「深夜に書いたラブレターは出さない方がいい」というけれど…

人はなぜ深夜に“詩人”になる?

2014.10.24 FRI


深夜のポエムは相手の立場を無視した自分本位のものが多いようだ。翌朝読み返してから、送るかどうかを判断するのが無難だろう 画像提供/PIXTA
「深夜に書いたラブレターは出さない方がいい」。そんな言葉を聞いたことはないだろうか? 僕の周囲にも、人生のせつなさを蕩々(とうとう)と綴った文面や、月の美しさを切々と詠んだポエムなどを、好きな女の子や元カノに送ってしまったという事例がある。

こうしたメールに対する返信は、往々にして素っ気ない。あるいは、返信自体が来ない。一方的すぎるからだ。

また、最近ではSNSの存在も危険極まりない。「誰かにかまってほしい」一心で、TwitterやFacebookに感傷的なポエムをアップ──。こうした経験は、皆さんも一度や二度はあるのではないだろうか。

個人的には、「虫の声が胸にたまっていく」という旨のポエムを投稿したことがある。不思議なことに、日中はこうした妙なテンションにはならない。

では、なぜ人は深夜におセンチになるのか? 精神科医で、ゆうメンタルクリニック総院長のゆうきゆう先生に聞いた。

「人間の脳は、夜になると交感神経から副交感神経に切り替わり、眠くなったりリラックス状態に移行していきます。そのため、理性的な判断スイッチがオフになりやすいんです。また、昼間の身体的・精神的な疲れがたまっていることでも、理性はオフ、つまり感傷的になりやすいといえます」

おお、やはり理性をなくしている状態なんですね。しかし、なぜそんな状態で作ったポエムをメールやSNSで他人に伝えたがるんでしょうか?
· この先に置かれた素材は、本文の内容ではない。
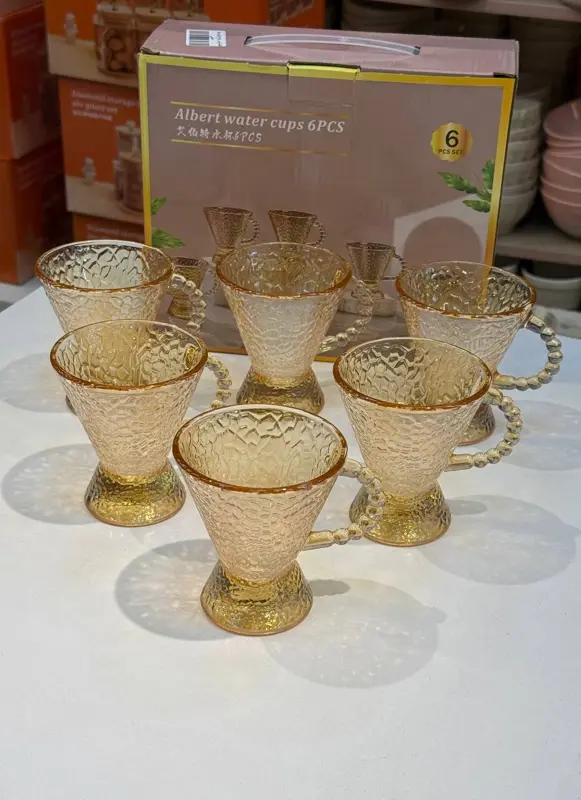 طقم فناجين زجاج عسلي 6 قطع (تصميم منقرش ومقابض بابلز)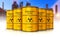Group of yellow drums with radioactive waste in front of nuclear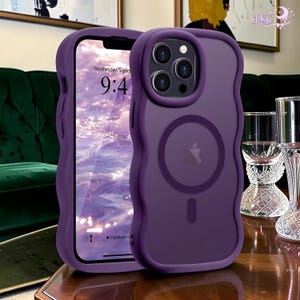Puede incluir: Una funda de smartphone de color morado con un diseño de bordes ondulados y festoneados, que incluye un anillo de carga magnético MagSafe circular en la parte posterior. La funda presenta un recorte elevado para la cámara y acabado mate.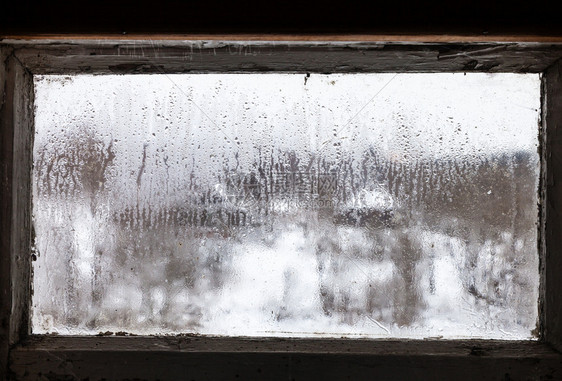 在寒冷的冬季农村住宅被错误冷冻的窗户上放水对俄罗斯村庄进行模糊的观察重点是玻璃上的冰面图片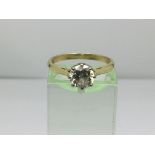 An 18ct gold diamond ring, approx 3g and approx size N.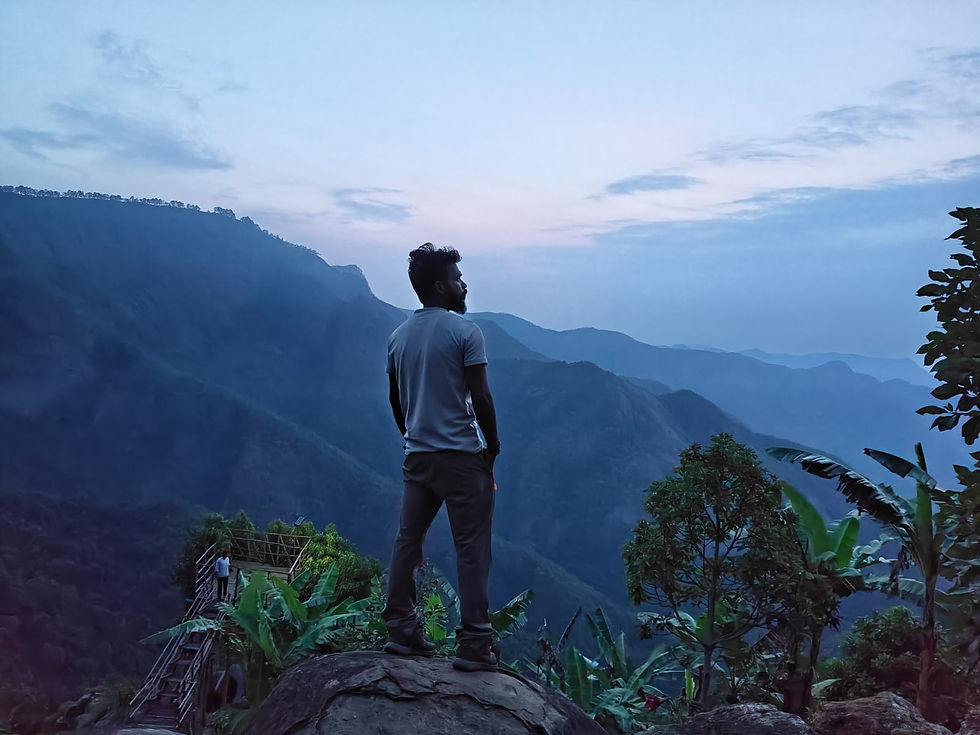 A fellow trekker admiring the mountain view from Eagle Nest campsite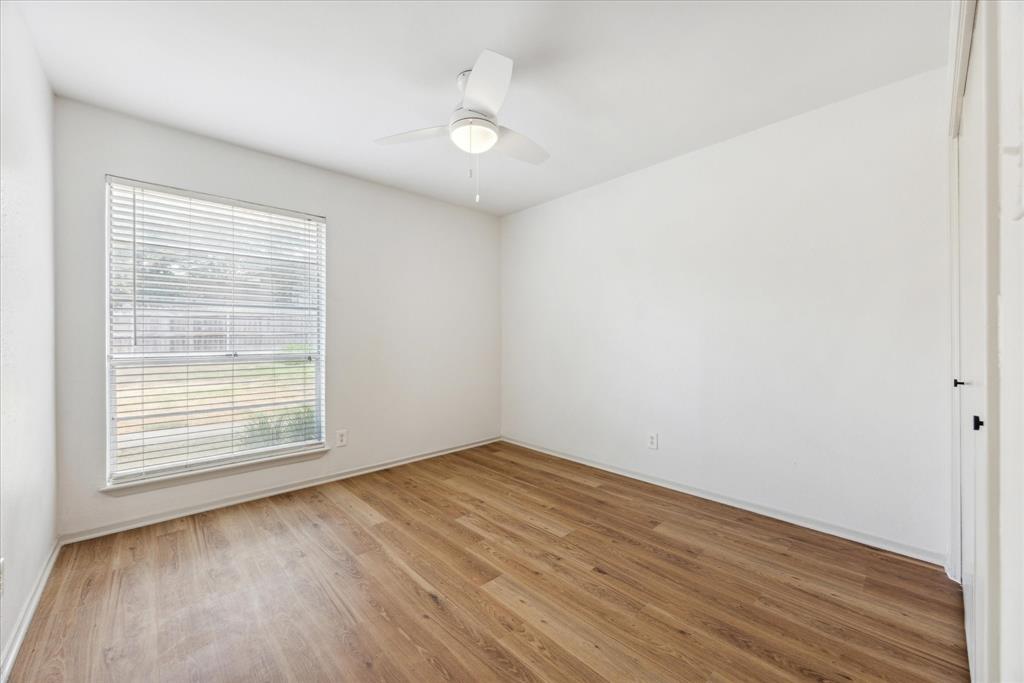 807 Castle Ridge Road, Unit A Austin, TX 78746 - Photo 13 of 15 Unfurnished room featuring light wood-type flooring and ceiling fan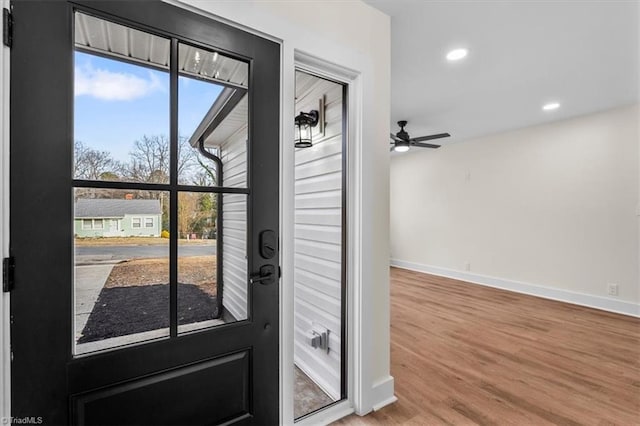 doorway featuring hardwood / wood-style flooring and ceiling fan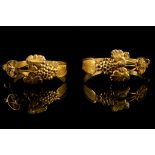 An unusual pair of Swedish 18 carat yellow gold hoop earrings, each having vineous decoration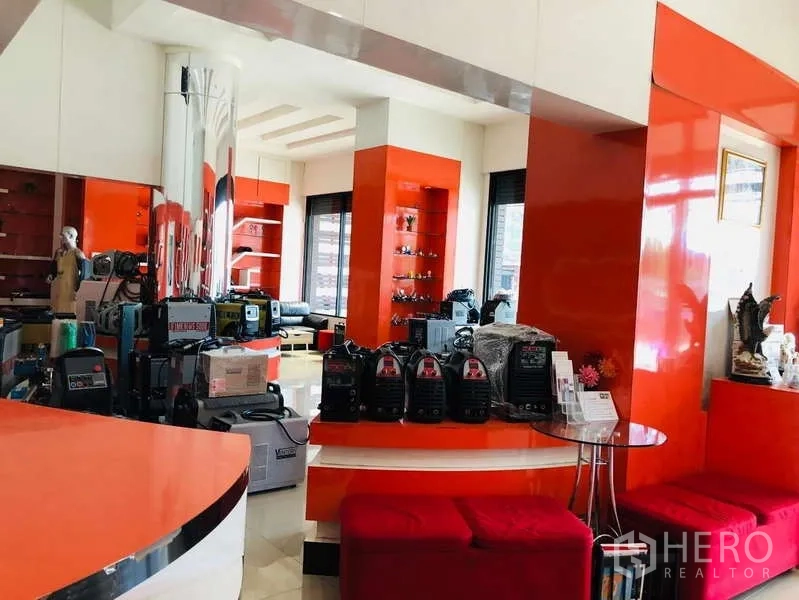 Shophouse for rent or sale in Bang Khun Thian, Bangkok - Spacious showroom with equipment displays, orange columns, bench seating and natural light.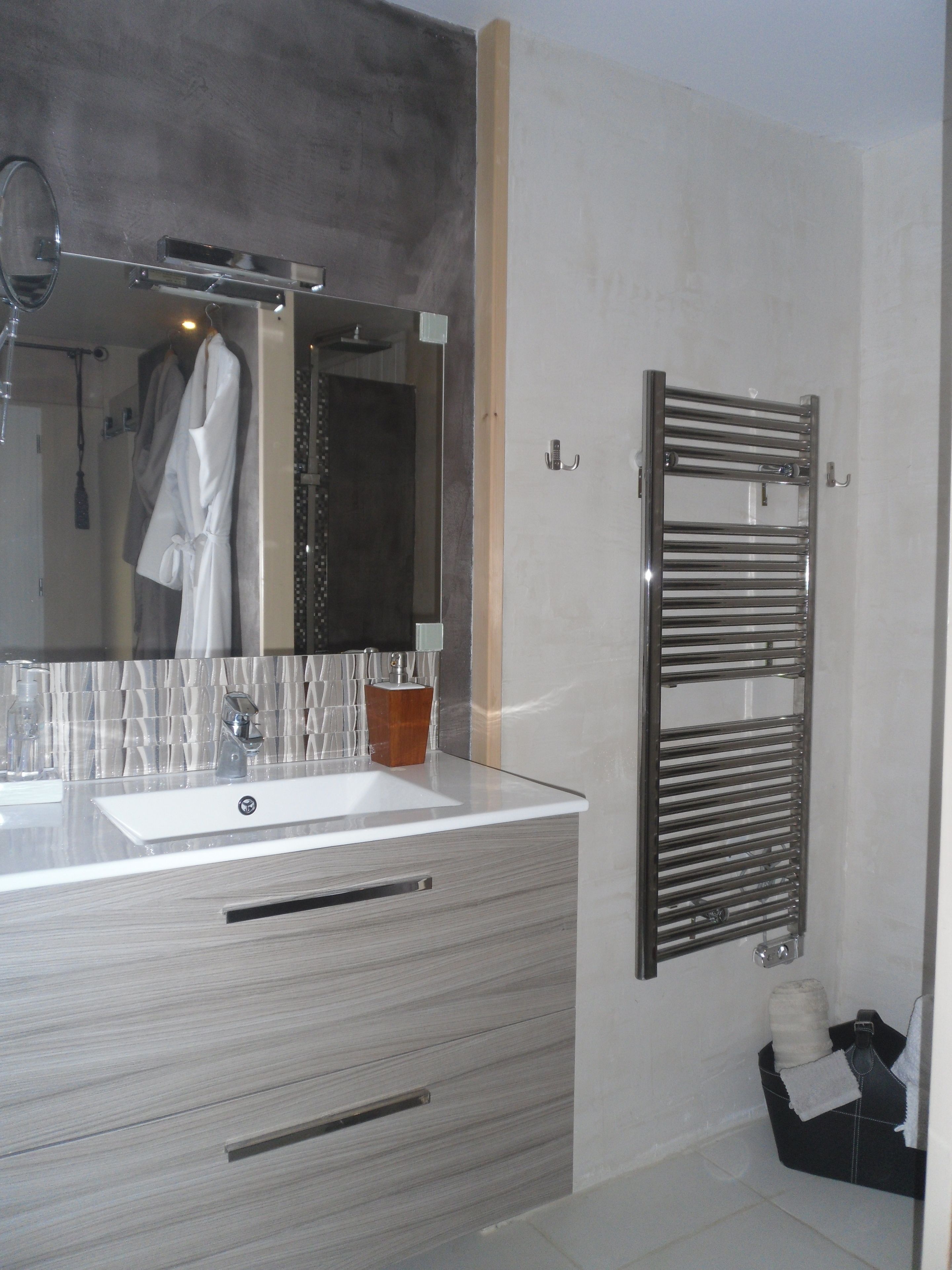 A modern bathroom with a large mirror, a sink, and a towel rack.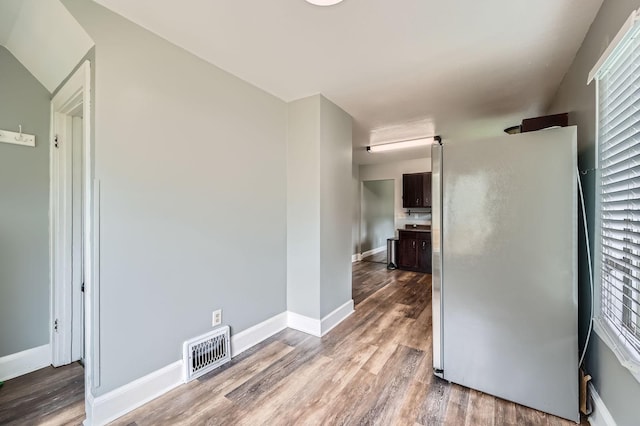1076 Wilson Ave, Saint Paul, MN 55106 - spare room with wood finished floors and baseboards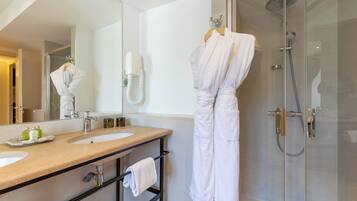 A bathroom with a double sink, a mirror, a glass shower enclosure, and a robe hanging on a rack.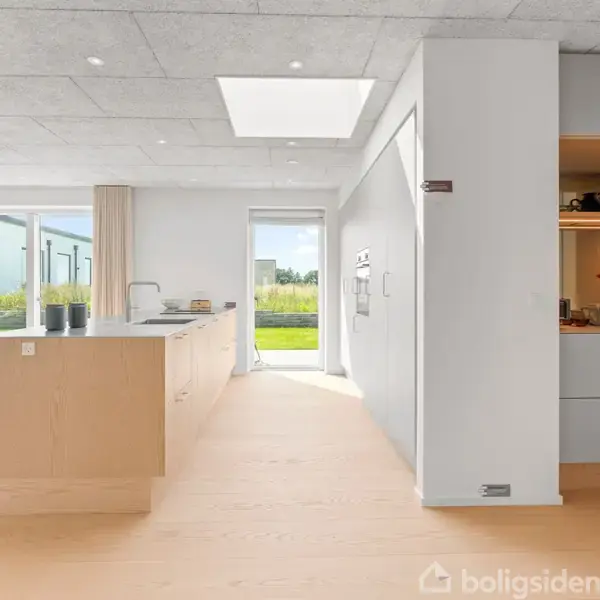 Et moderne køkken med lyst trægulv indeholder en køkkenø og skab. I baggrunden ses en spiseplads med stole og et stort vindue med udsigt til en grøn have.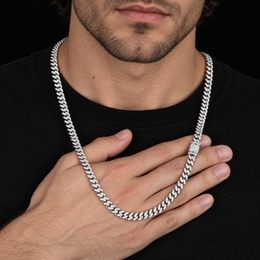 Model holding a silver-tone moissanite Cuban chain across a hand, with the clasp visible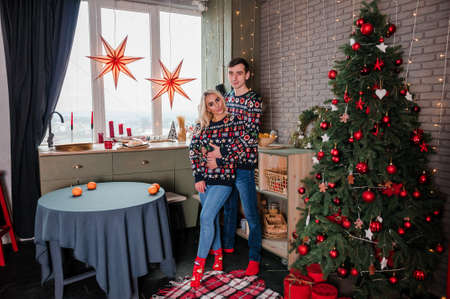 A guy with a girl in a sweater stands near the kitchen and hugs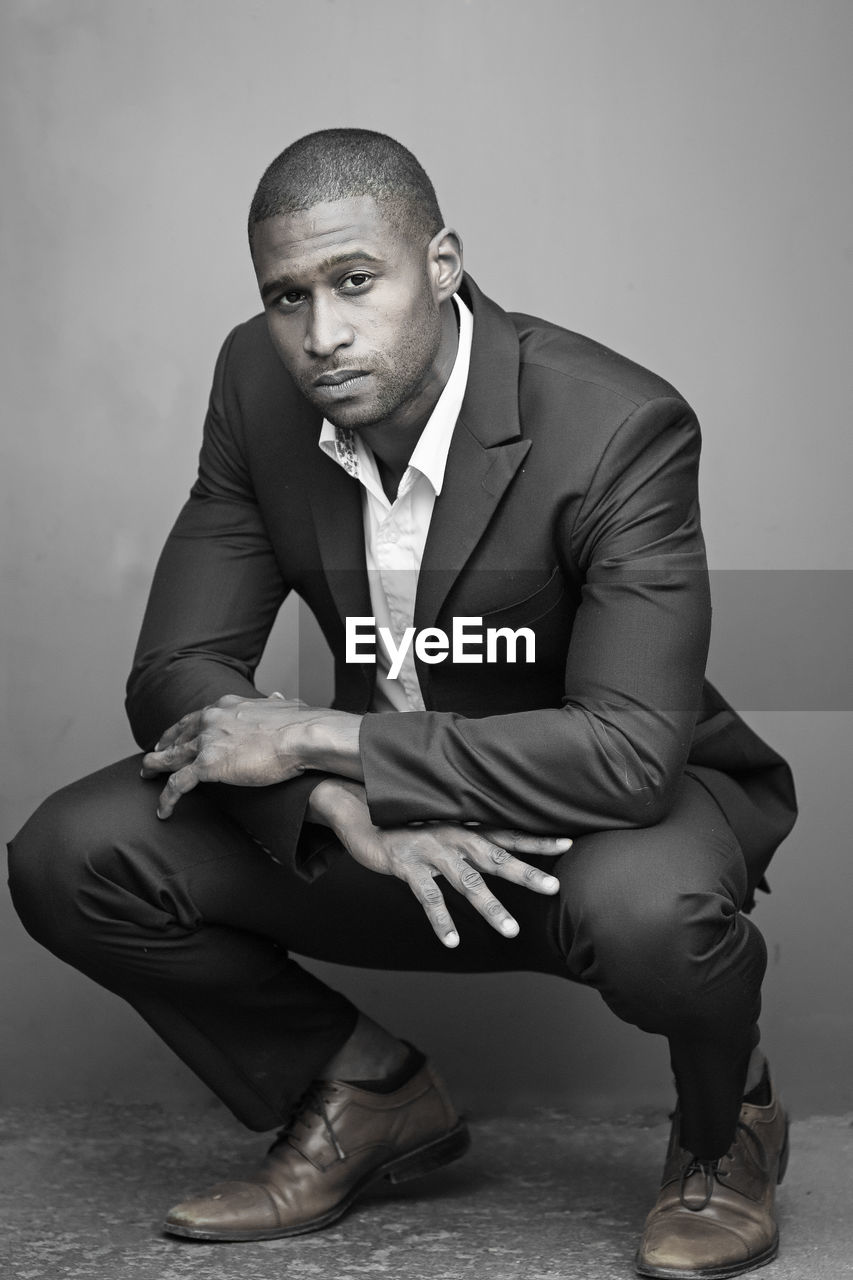 Portrait of businessman wearing blazer crouching against wall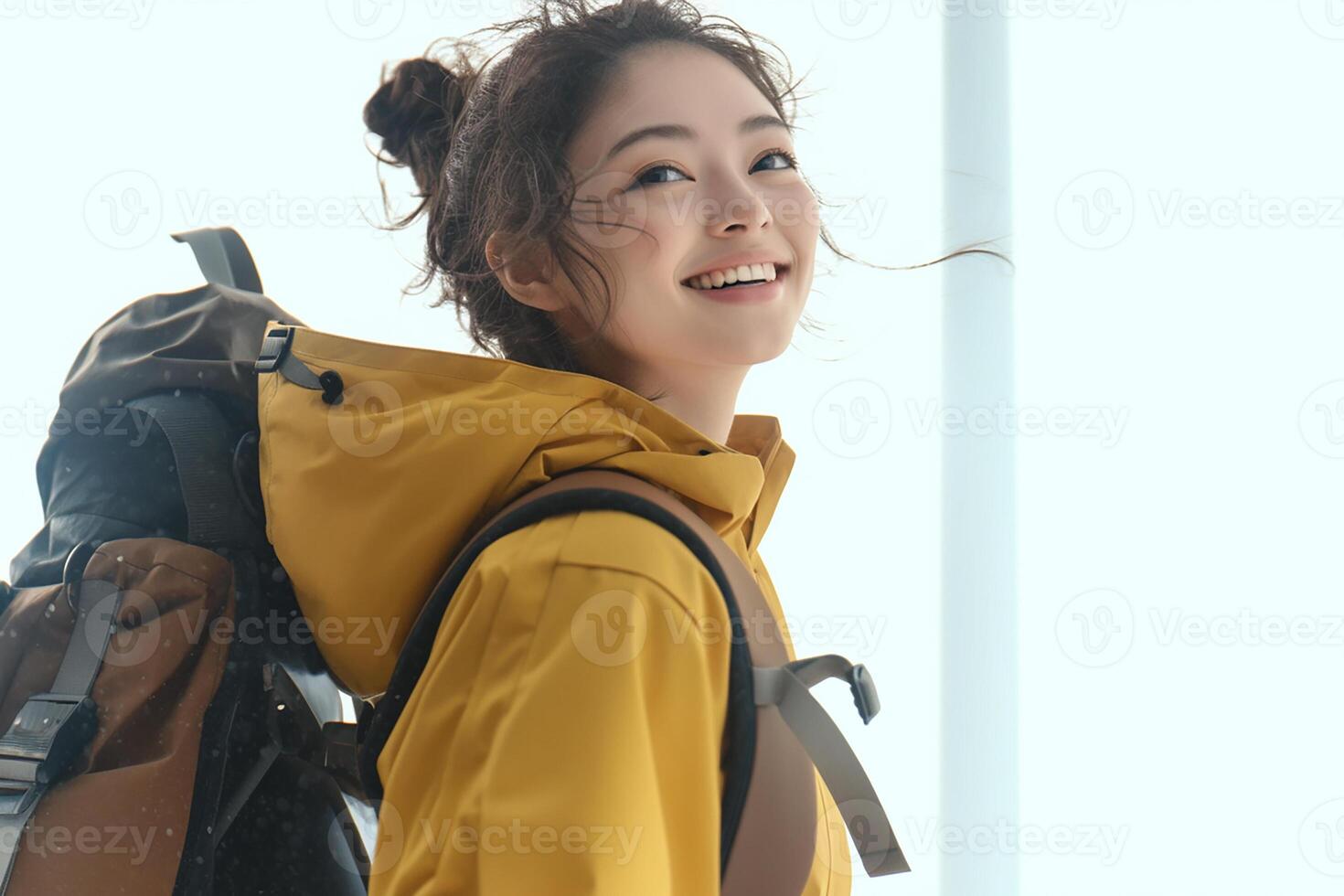 A woman in yellow jacket with backpack photo
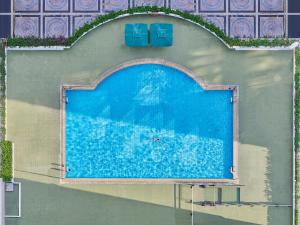 an overhead view of a swimming pool with two blue chairs at Hotel Canton in Guangzhou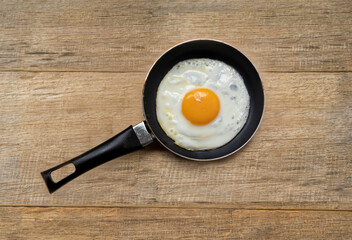 egg in casserole on wooden background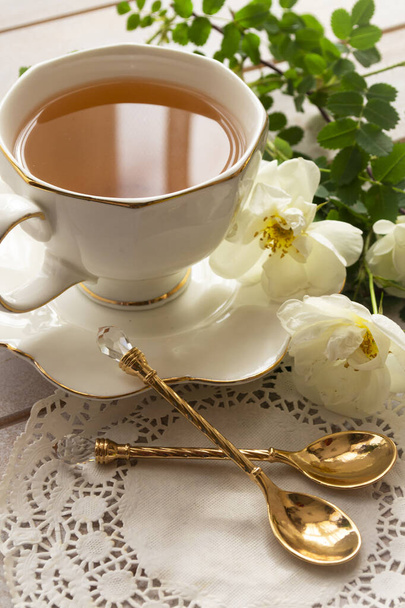 Magnífico ramo de rosas frescas en la antigua alusión antigua, cerámica, jarra de porcelana con oro en plato redondo envejecido, taza de té de china con cucharas de oro - Foto, imagen
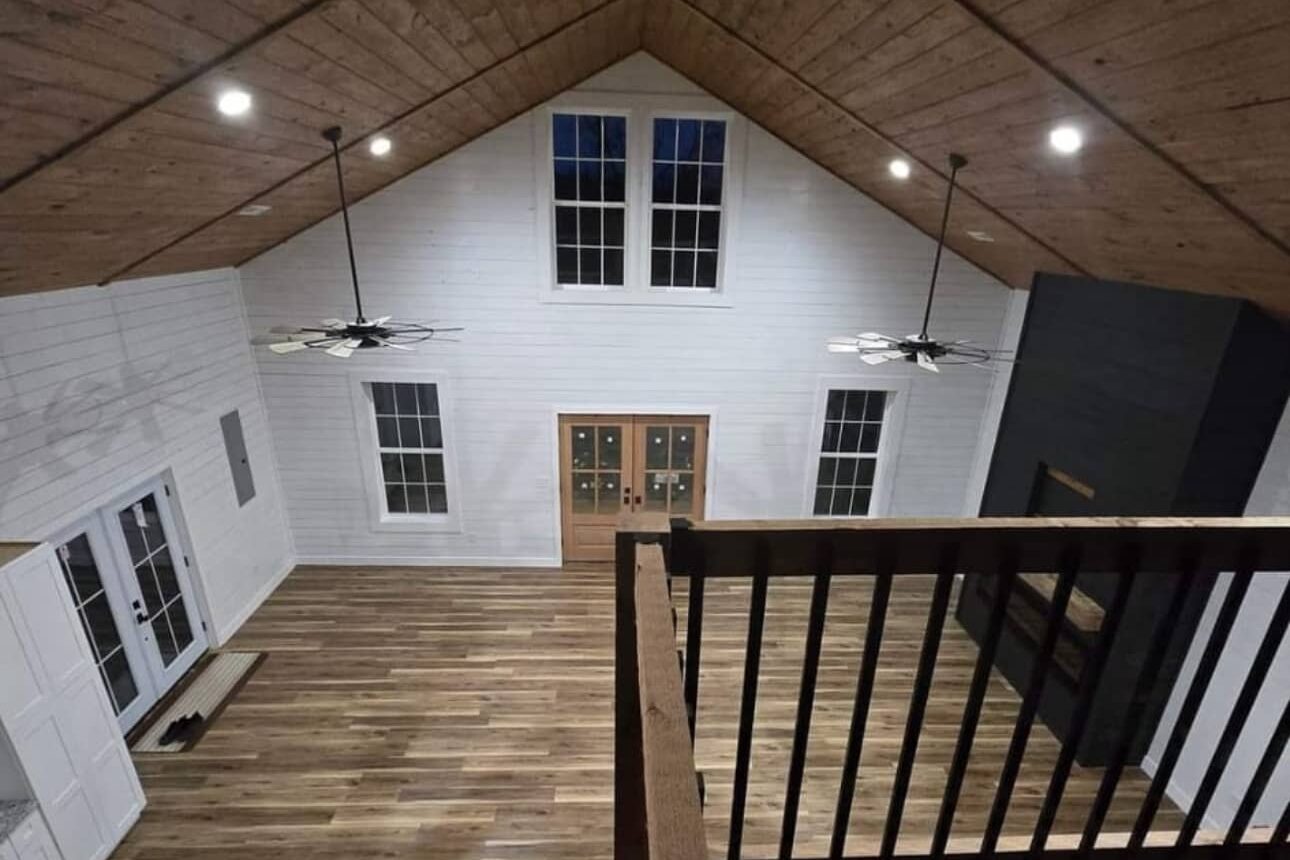 interior of barndominium featuring insulated walls windows flooring and roofing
「夜更かしをしている人は、『昼間にできなかったことをしつくそう』とか、『眠るのがもったいない』といった潜在的な反抗心を持っていることが少なくないんです。だから、自分の感情や気分を人に押し付けたい気持ちも強くなるんでしょうね」

なるほど。でも、そもそも夜型の人って詩人気質が多いような気がします(僕も含めて)。

「その可能性は高いと思いますよ(笑)。いずれにせよ、日ごろから『もっと自分を知ってほしい』『理解してほしい』と考えていることが、ディープな本音となって発信されているはずです」

ディープな本音の吐露は、相手を困惑させることがままありそうだ。深夜の投稿やラブレター、気をつけたいものです。どうしても送りたいのであれば、“詩人”同士でやりとりをしましょうか。